B.                 Analyse

[23]           Tout bien pesé, j’ai conclu que la présente demande de contrôle judiciaire doit être rejetée pour les motifs suivants.

[24]           Je conviens que la question en litige est celle de la décision raisonnable de la conclusion relative à la PRI. La règle de droit à cet égard se trouve dans Thirunavukkarasu c. Canada (Ministre de l’Emploi et de l’Immigration), [1994] 1 CF 589 (FCA), 1993 CanLII 3011, au paragraphe 12 :

12   Le juge Mahoney a exprimé la position avec plus de précision dans Rasaratnam, précité, page 711 :

À mon avis, en concluant à l’existence de la PRI, la Commission se devait d’être convaincue, selon la prépondérance des probabilités, que l’appelant ne risquait pas sérieusement d’être persécuté à Colombo et que, compte tenu de toutes les circonstances, dont celles lui étant particulières, la situation à Colombo était telle qu’il ne serait pas déraisonnable pour l’appelant d’y chercher refuge.

[25]           Je conclus également que la SAR a procédé à un contrôle en bonne et due forme, conformément à Canada (Citoyenneté et Immigration) c. Huruglica, 2016 CAF 9; la SAR a mené, sur le fond, une révision approfondie, complète et indépendante, tel qu’il est exigé.

[26]           J’aborderai chaque partie de ce critère à deux volets.

N’y avait-il pas une possibilité sérieuse que le demandeur soit persécuté à Hyderabad?

[27]           Comme il est indiqué, les conclusions de la SAR concernant une PRI à Hyderabad sont contestées pour le motif qu’elles sont déraisonnables pour plusieurs raisons. J’énoncerai chacune de ces raisons et je les aborderai dans l’ordre.

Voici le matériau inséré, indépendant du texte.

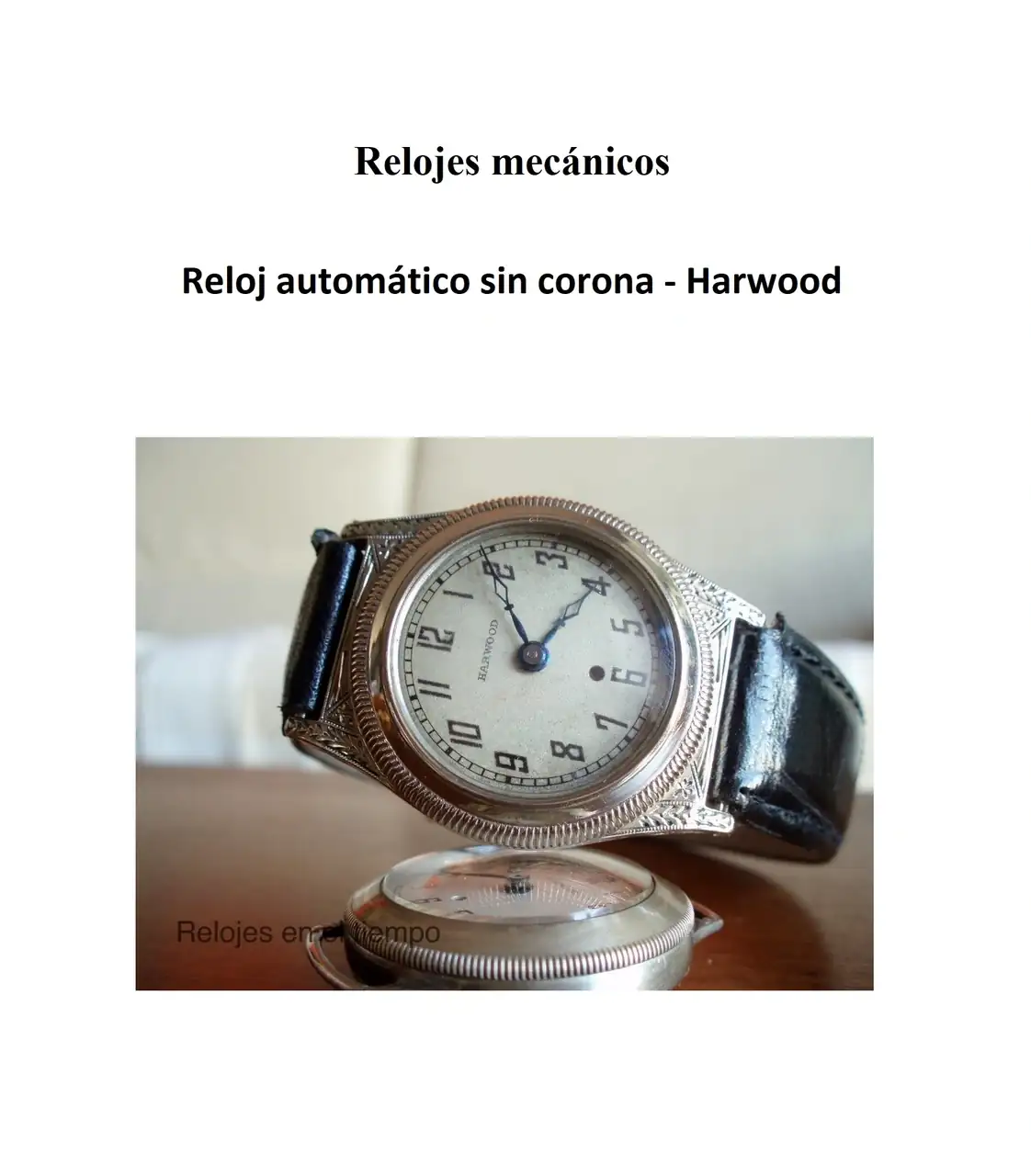 Imagen2.webp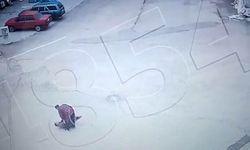 Zihinsel engelli adama sokak ortasında saldırı! O anlar kamerada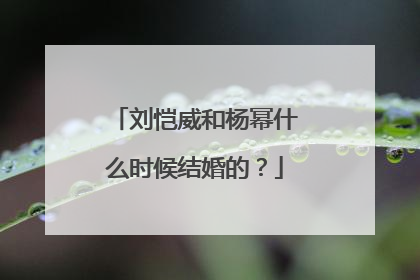 刘恺威和杨幂什么时候结婚的?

[28]           Je ne conclus pas que les raisons de la SAR sont contradictoires, tel qu’il est allégué. Les éléments de preuve sur la situation au pays quant à la possibilité de persécution à Hyderabad étaient effectivement mixtes, comme l’a raisonnablement conclu la SAR. La SAR a exposé les éléments de preuve et a tiré une conclusion fondée sur les faits de l’espèce. Tirer cette conclusion était du ressort de la SAR, soit d’évaluer les éléments de preuve mixtes et d’en venir à une conclusion. Elle a appliqué le critère reconnu pour cette évaluation et a choisi de se fier au rapport de l’Australie plutôt qu’à d’autres; à mon humble avis, cela constituait sa prérogative et son devoir et n’était pas contraire à Cepeda-Gutierrez c. Canada (Ministre de la Citoyenneté et de l’Immigration), [1998] ACF no 1425, aux paragraphes 14 à 17.

[29]           La conclusion de la SAR de savoir si le SSP et d’autres groupes poursuivraient ou non le demandeur à Hyderabad, en supposant que sa terre ait été vendue, est aussi raisonnablement loisible compte tenu des faits. Encore une fois, il s’agit d’une évaluation factuelle qu’il appartient à la SAR de trancher. À cet égard, je souligne que la SAR est un organisme spécialisé en évaluation d’une possible PRI et je suis prêt à faire preuve de retenue, comme il est généralement exigé, à l’égard de son évaluation à ce sujet.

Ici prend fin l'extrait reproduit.